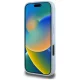 Guess Grained Big 4G Logo dėklas, skirtas iPhone 16 Pro, mėlynas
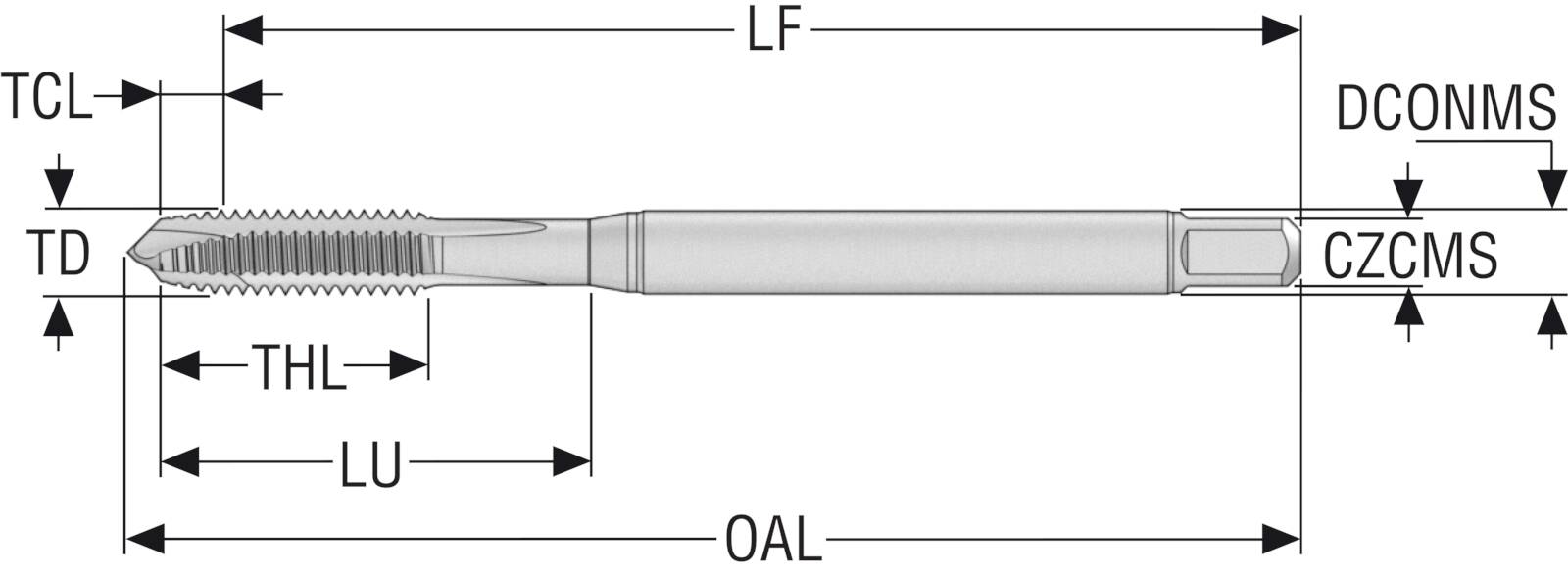GÄNGTAPP T30-PX01B03-4X0.7-63R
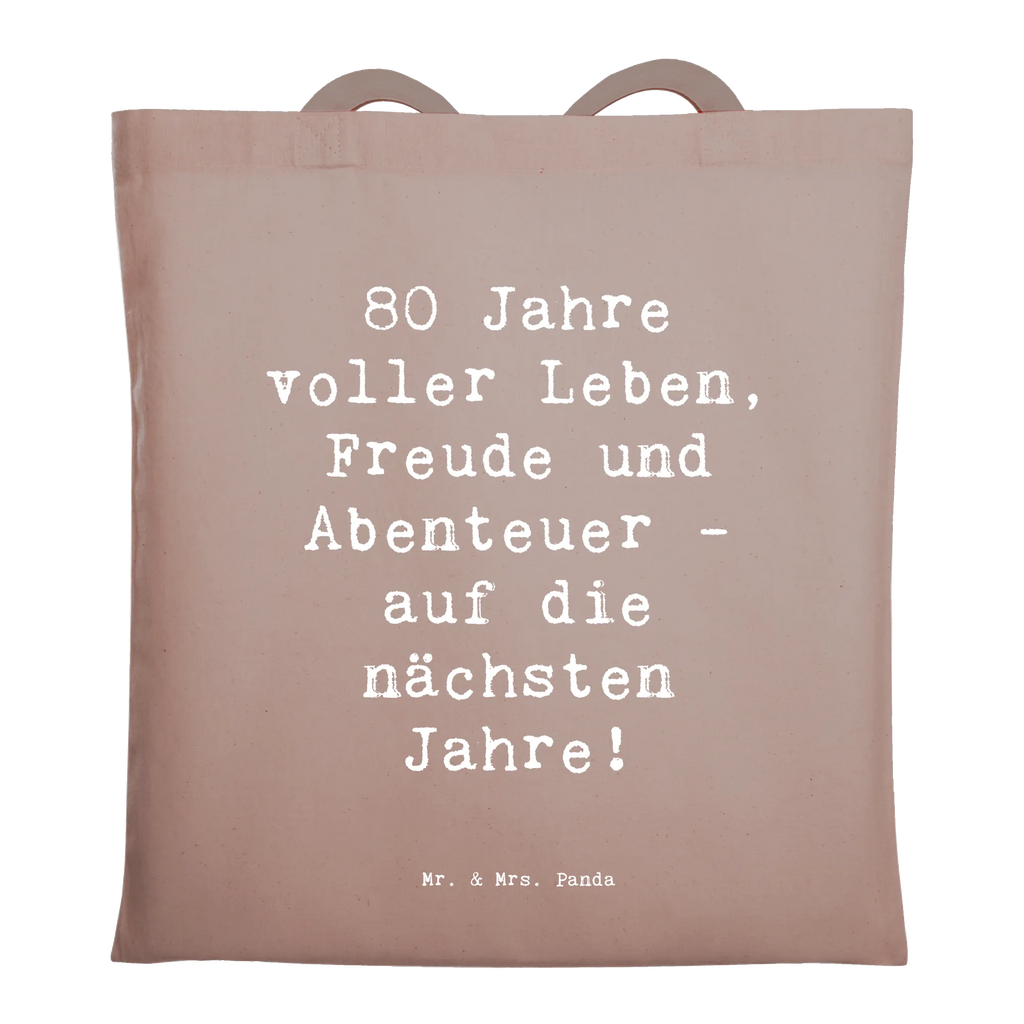 Tragetasche Spruch 80. Geburtstag Abenteuer Beuteltasche, Beutel, Einkaufstasche, Jutebeutel, Stoffbeutel, Tasche, Shopper, Umhängetasche, Strandtasche, Schultertasche, Stofftasche, Tragetasche, Badetasche, Jutetasche, Einkaufstüte, Laptoptasche, Geburtstag, Geburtstagsgeschenk, Geschenk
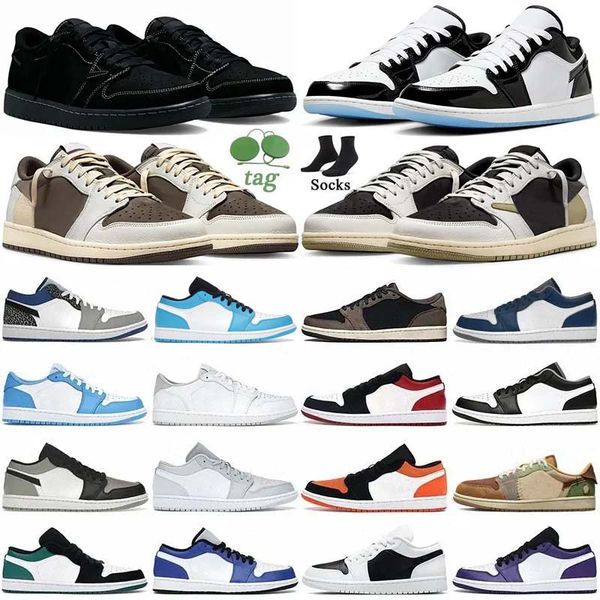 

basketball shoes for men women 1s low black phantom reverse dark mocha mochas fragment concord voodoo 1 cactus jack mens trainers sneaker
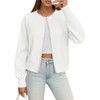 Saodimallsu Womens Fall Open Front Cardigan Sweaters Pearl Long Sleeve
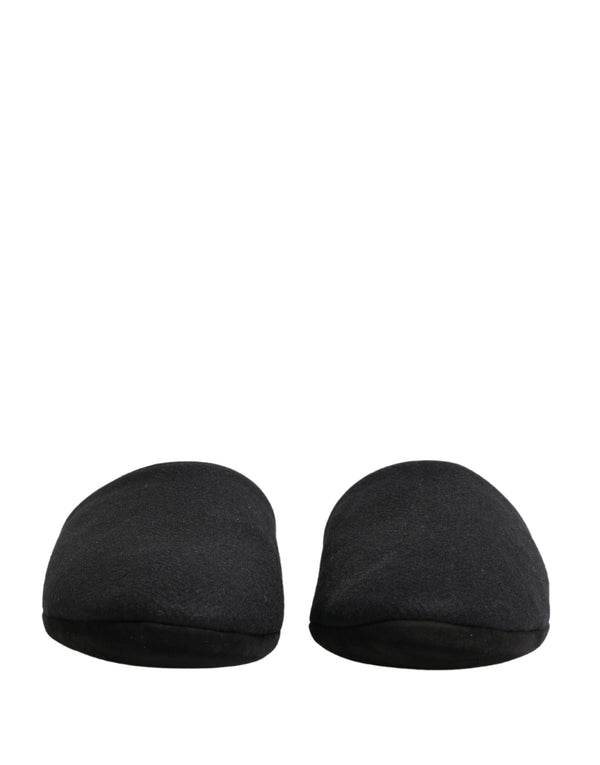 Dolce & Gabbana Wool slipper in black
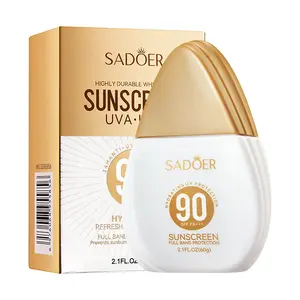 الأكثر مبيعاً مرطب للشمس مقاوم للشمس SPF90+ يدوم 22 ساعة غسول للعناية بالشمس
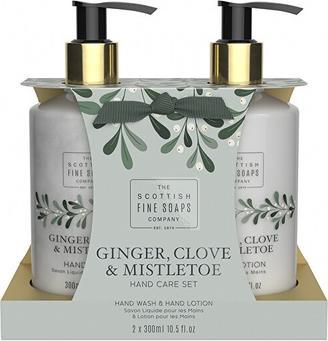 Actual product image Scottish Fine Soaps Ginger. Clove & Mistletoe Hand Care Gift Set (Manicure set)
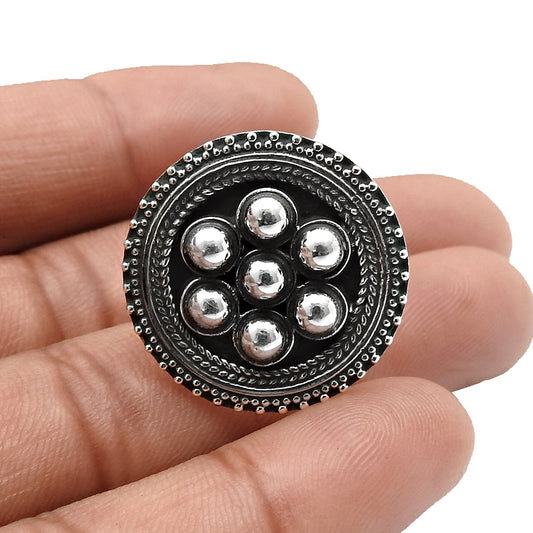 Women Gift 925 Solid Sterling Silver Statement Ring HANDMADE Jewelry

____________________

■ What is being asked: Restate all entries above exactly, but not the images.

■ Response to the task:
 Guess Grained Big 4G Logo dėklas, skirtas iPhone 16 Pro, mėlynas
GÄNGTAPP T30-PX01B03-4X0.7-63R
 Tragetasche Spruch 80. Geburtstag Abenteuer Beuteltasche, Beutel, Einkaufstasche, Jutebeutel, Stoffbeutel, Tasche, Shopper, Umhängetasche, Strandtasche, Schultertasche, Stofftasche, Tragetasche, Badetasche, Jutetasche, Einkaufstüte, Laptoptasche, Geburtstag, Geburtstagsgeschenk, Geschenk

basketball shoes for men women 1s low black phantom reverse dark mocha mochas fragment concord voodoo 1 cactus jack mens trainers sneaker
 Saodimallsu Womens Fall Open Front Cardigan Sweaters Pearl Long Sleeve
 Dolce & Gabbana Wool slipper in black
 الأكثر مبيعاً مرطب للشمس مقاوم للشمس SPF90+ يدوم 22 ساعة غسول للعناية بالشمس
 Actual product image Scottish Fine Soaps Ginger. Clove & Mistletoe Hand Care Gift Set (Manicure set)
 Women Gift 925 Solid Sterling Silver Statement Ring HANDMADE Jewelry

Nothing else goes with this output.